Dans les rouleaux écumants, dans les bruyères en fleurs, partout tu te sens chez toi dans ta demeure de mots, accueilli en toute hospitalité par plus grand que toi.

Réciprocité de l’accueil ouvert à tout vent.

*

Je suis en terre franche au fin fond des bois. Je pourrais être aussi bien en Forêt Noire ou dans les Vosges, dans les Cévennes ou les Alpes de Haute-Provence.

Pour quelques heures encore, je laisse le chaos à ce qu’il est, j’avance dans ce qui ignore les hommes, n’en subit pas moins l’action faste ou néfaste de mes semblables.

Je ne puis me détacher d’eux et de leurs mots, étant l’un des leurs, mais touchant le sol et le ciel de mes mots, me voilà dans l’entre-deux.

Un monde invisible s’ouvre sans jamais tout à fait se dévoiler. Je touche du bout des mots le voile. Une pudeur me retient de l’arracher.

Laissant le voile à son voilement-dévoilement, j’avance dans la sylve odorante.

Le bois sec ou pourri craque sous mes pieds, les mousses et les feuilles rendues à la terre amortissent mes pas.

Mes pas et mes pieds, voilà mon humanité, avec des mots pour le dire.

Tout cela est bien réel, et pure vérité qui me devance.

*

Poétiser, ainsi, reviendrait à devancer l’appel de ce qui veut ignorer toute profondeur et toute hauteur.

Appel lancé à hauteur d’hommes par le monde rassemblé dans le langage qui va.

Habité, je le sais, par les dieux enfouis de mes ancêtres chers à mon cœur.

 *

Tu es la pluie, Freyja. Fine, obtuse, insinuante.

Tu te frayes un chemin multiple, Samja, au travers des anfractuosités rocheuses, tu pénètres doucement, patiemment par mes failles à peine visibles.

Un jour, tu feras éclater la roche avec le concours actif du froid.

Je suis cette roche agile, ce promontoire jeté sous le grand vide sidéral.

Des dieux,des hommes, j’entends la mutualité de l’appel dans les mots les plus humbles, amie.

Je t’entends dans ton sommeil, chemine dans tes rêves, veille dans ta veille qui veille sur moi.

Je ne t’habite pas, tu ne me hantes pas.

Rien de spectral ni rien de spectaculaire vraiment, et nul miroir hormis celui, vagabond, des sources de mon pays. Dans les reculées si nombreuses, partout en fait où porte le regard, je t’entends.

Tu te nommes Freyja ou Samja selon les lieux, selon que, divine ou humaine, tu marches dans le monde qui m’entoure aux côtés des mots que tu m’inspires.

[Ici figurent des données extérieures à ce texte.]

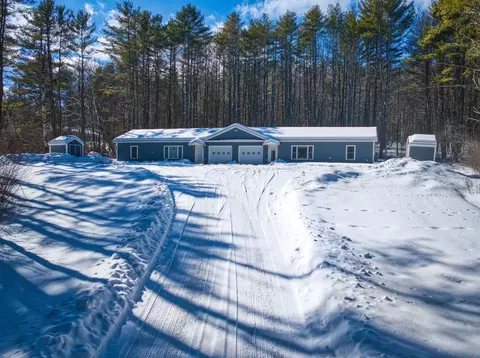 30 Pine St, Newport, NH 03773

Le pays se recueille dans l’amour que toi et moi, et tant d’autres connus ou inconnus, lui vouons dans le secret de notre cœur. Et les temps sont sombres.

Il nous faut beaucoup de courage pour refuser les sirènes de la violence aux mille visages. C’est à peine, parfois, si nous osons dire qui nous sommes.

 *

Dans le lointain, j’entends l’appel si proche encore.

Il monte aussi bien des fleurs que des arbres et des chutes d’eau, des lacs et des rivières, des bois et des monts.

Chaque parole qui me vient de toi me donne le frisson.

A te lire, je tombe en arrêt, fasciné.

Ainsi va ma vie réconciliée avec ce qui, de toi, de moi, comment savoir, s’échappe à perdre haleine au-devant du dicible qui nous fonde.

Reste l’indicible qui veille sur nous. Aux heures sombres, je tends l’oreille vers lui, et ce n’est pas le silence.

C’est toi qui viens à moi qui cours vers toi. C’est le chant des oiseaux dans le matin rutilant. Le fond des choses et des âges.

La pierre d’espérance qui guérit les maux.

 

Jean-Michel Guyot

3 avril 2016

 

Doux hypnotisme de tes seins dressés sur ta peau de lait.

Le miel de tes yeux coule sur moi. Je me pourlèche.

La bête de proie est devenue ombre en proie aux métamorphoses incessantes.